## Spartacus

Ok! I have calculated the base probabilities. Code is here if you dare:

https://github.com/PaulMurrayCbr/Spartacus.git

Next problem is working out how to navigate the tree of possible situations.

A battle situation is a defender attack/defense and a attacker attack/defense. There are 1296 possible situations, which is a pretty manageable number.

Each situation has a probablility of being a *loss* for the defender. The probability is equal to the probability of the loss given each number of possible hits, multiplied by the probability of getting that many hits.

If the number of hits is zero, you havben’t lost. Probability zero (whew!).

If the number of hits is more than your total amount of dice minus two (because you need to retain at least one attack and on defense die), then the loss probability should you get that many hits is 1. You have lost.

If not, then run through each way that you can distribute the hits, and then reverse the attacker/defender situation. Pick the highest loss probability of these sitiations. That’s the move you should make, and your loss probability for that many hits is the 1-p of the reversed situtation.

Now, this sounds staggeringly recursive, but it isn’t because as you calculate these situation probabilities you cache them. So meh. So how do we work out in what order to calculate these situations, such that for every situation we know that the reverse situation has already been done?

Well, one way is to order the situations by total number of dice.

The other way is to write it recursively, use caching as a recursion short-cut, ant let the algorithm do it in whatever sequence it prefers. That’s the easy way and that’s the way I’ll do it.

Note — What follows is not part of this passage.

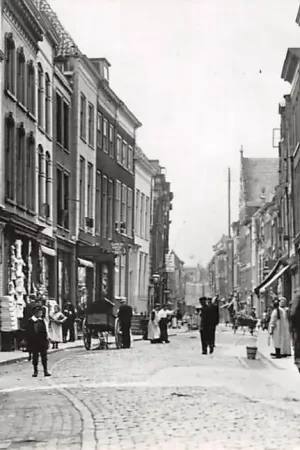 Zo was Dordrecht Voorstraat bij Torenstraat en Boomstraat omstreeks 1910 (1968) HC26768 Najlepsza cena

The remaining problem is: how to exhibit the results? Well, hopefully there will be a general rule eg: “if you have more dice than your opponent, take it off defense, else take it off attack”. Discovering that general rule is the point of the exercise.

Wrong, wrong, wrong.

If the number of hits is zero, then the probability of loss is the 1-p probability of loss for the reverse situation. The problem is that there’s a probability that the reverse situation will also have zero hits, and this creates an infinite recursion if we do it recursively.

Of course, we are crating a Markov Chain. Or network. I’ll have to look into it a trifle more closely.